An industry task force proposal to improve aircraft tracking, which will be considered at the United Nations’ ICAO safety conference starting Feb. 2 in Montreal, called for similar tracking technology but without any tamper-proof measures.
It said airlines should automatically report an aircraft’s position at least every 15 minutes. In emergencies, reporting should become more frequent, according to the group led by the International Air Transport Association trade group.
“All aviation stakeholders share a common goal to make flying ever safer,” a spokesman for the trade group, Perry Flint, said in an e-mail. “We look forward to providing input into these important discussions among regulators at ICAO next month.”
Flint said the trade group didn’t have a comment on the NTSB letter.
In addition to better aircraft-position reporting, as much data as possible should be streamed instantaneously in the event of an emergency. Investigators shouldn’t have to wait until black boxes are recovered before knowing what happened, the NTSB said.
Flight recorders that automatically pop off a plane after it crashes may also allow for swifter crash investigations, the NTSB said. Such devices float and can send a precise location of the wreckage, the safety board said.
Because it has sometimes taken years to find aircraft wreckage underwater, the NTSB said planes should be equipped with new pingers attached to the fuselage to guide searchers.
While crash-proof recorders have so-called pingers that emit sound when exposed to water, they can be muffled by pieces of wreckage or damaged by impact, according to the NTSB.
It took searchers almost two years to find the wreckage of Air France Flight 447, which went down in the Atlantic Ocean between Brazil and Africa on June 1, 2009. The search cost $40 million, according to the NTSB.

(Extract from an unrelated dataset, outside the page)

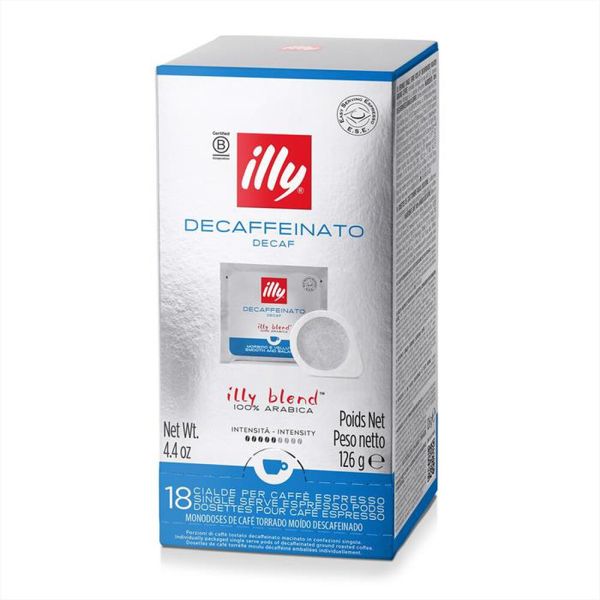 COFFEE ILLY 18 SINGLE SERVINGS BOX COMPOSTABLE POD – DECAF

Ships with listening devices passed near the wreckage several times in the days after the accident and didn’t hear the pingers, according to a report by the French Office of Investigations and Analysis.
Recent events show the need for some type of video recording in the cockpit to supplement the sounds and data already recorded, the NTSB said. An NTSB recommendation in 2000 for cockpit image recorders was opposed by pilot groups, which said they feared the devices would also capture images of death.
While there is no requirement for such recorders, the FAA has set standards for their use. Current models are designed to take pictures of cockpit gauges without showing the pilots.
North America’s largest flight-crew union, the Air Line Pilots Association, is “deeply concerned” with the video recommendation, President Tim Canoll said in an e-mail.
Images in the cockpit may be misused and accident investigators should instead focus on enhancing other types of flight data, Canoll said.
The NTSB recommendations were directed at the FAA, and the safety board said the U.S. aviation regulator should coordinate with other nations.